Le Retour de Godzilla (film, 1955)
| Titre original |
ゴジラの逆襲 Gojira no gyakushū |
|---|---|
| Réalisation | Motoyoshi Oda |
| Scénario |
Shigeaki Hidaka Takeo Murata |
| Musique | Masaru Satō |
| Acteurs principaux |
Hiroshi Koizumi (en) Setsuko Wakayama (ja) Minoru Chiaki Takashi Shimura |
| Sociétés de production | Tōhō |
| Pays de production |
|
| Genre | Science-fiction, action, Kaijū eiga |
| Durée | 82 minutes |
| Sortie | 1955 |
Série Showa
Pour plus de détails, voir Fiche technique et Distribution.
Le Retour de Godzilla (ゴジラの逆襲, Gojira no gyakushū) est un film japonais du réalisateur Motoyoshi Oda sorti en 1955.

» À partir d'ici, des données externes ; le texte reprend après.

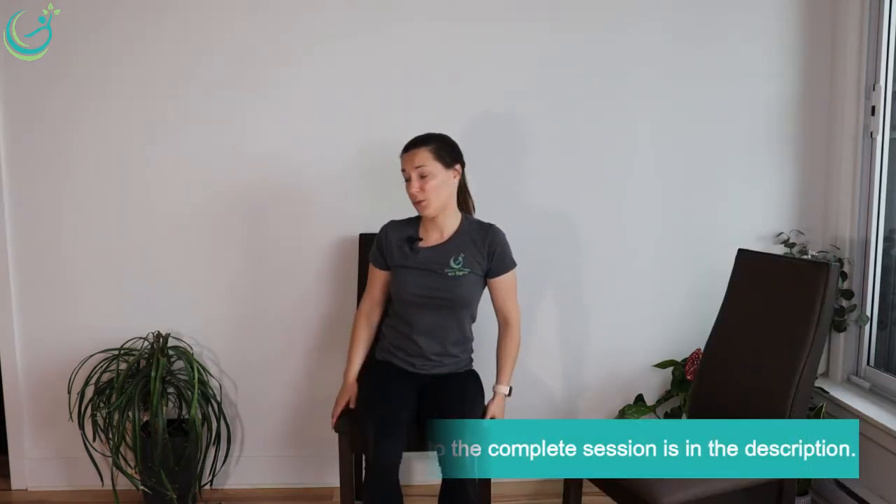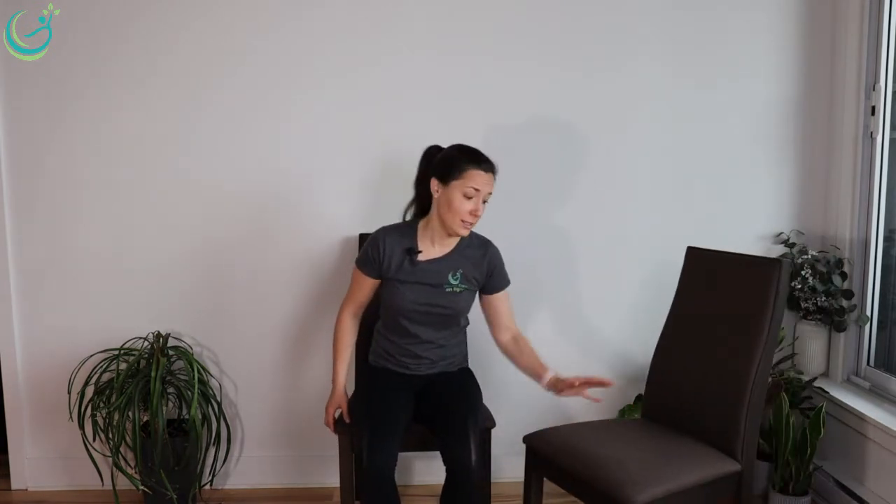So let's start. When we want to do a transfer — I'm not in a wheelchair, but imagine I want to sit on this chair without standing. We will have to come forward and bring the bum to the edge of the chair. And if I want to transfer to the other chair, I will have to lean on it and lift my bum and move across like this.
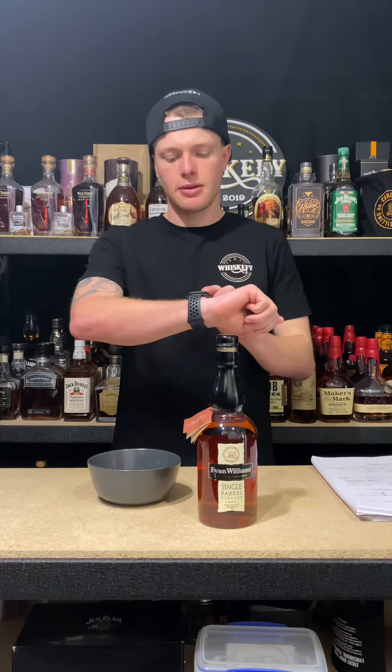Yeah, I guess for the Aussie market it's hard. Maybe re-watch the Evan Williams 100 proof and then kind of work it out from there. See what ones you guys would reckon off my tasting notes. Or if you can pick it up for 58 bucks, definitely do that because it's a steal.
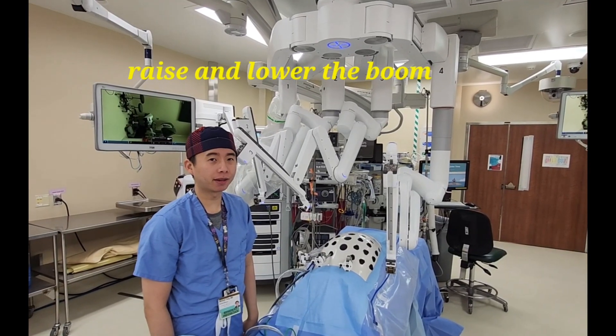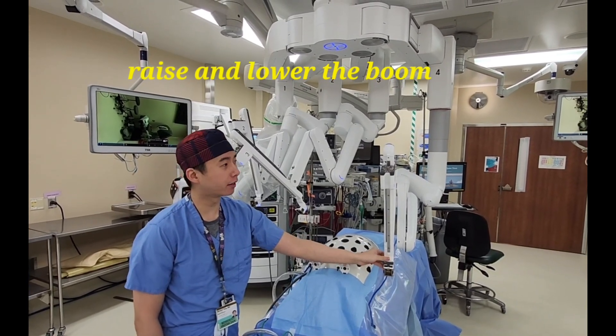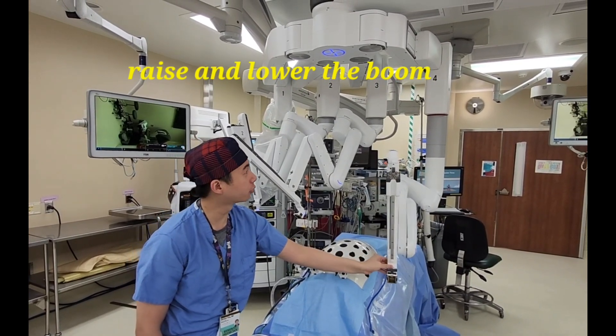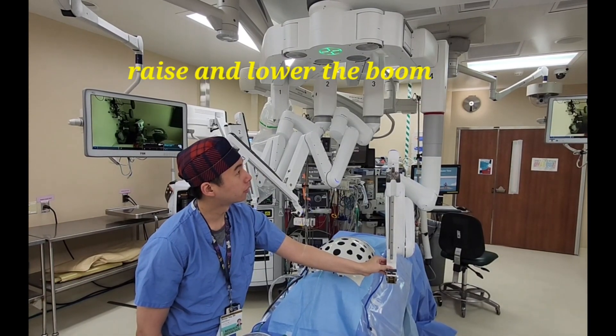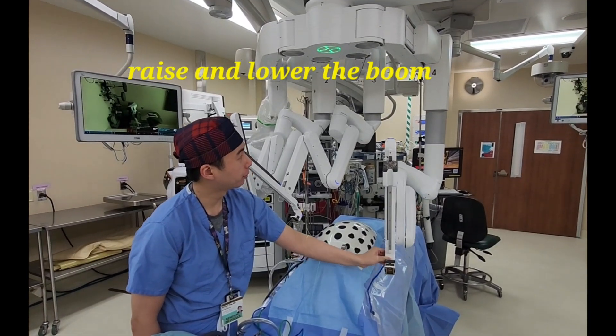Another feature of the XI robot is you can use the buttons here to move the entire boom up or down. Press the back button and thread all the way down until you see red. Drop the beam down. If you hold up, you can bring it up as well.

Deuxième film de la franchise Godzilla, il met en vedettes Hiroshi Koizumi (en), Setsuko Wakayama (ja), Minoru Chiaki et Takashi Shimura, avec Haruo Nakajima dans le rôle de Godzilla et Katsumi Tezuka dans celui d'Anguirus.
Dans ce film, le Japon lutte pour survivre au retour de Godzilla, ainsi qu'à son combat destructeur contre son ancien ennemi Anguirus. Alors qu'ils survolent les mers pour repérer des bancs de poissons, les jeunes pilotes Tsukioka et Kobayashi rencontrent Godzilla et un autre monstre en train de se livrer une bataille féroce. Les deux créatures disparaissent dans l'océan, mais refont bientôt surface près d'Osaka, qui sera dès lors le cadre d'un combat à mort entre les deux monstres et les hommes.
À la suite du fort succès du premier film Godzilla en 1954, le producteur exécutif de la Toho Co., Iwao Mori, demande au producteur Tomoyuki Tanaka de débuter la réalisation d’une suite afin de capitaliser sur l’engouement du premier opus[1]. Le réalisateur du film original, Ishirō Honda, actuellement occupé par la réalisation du drame Lovetide (Koi-geshō), la Toho remet la réalisation de ce deuxième film à Motoyoshi Oda[2].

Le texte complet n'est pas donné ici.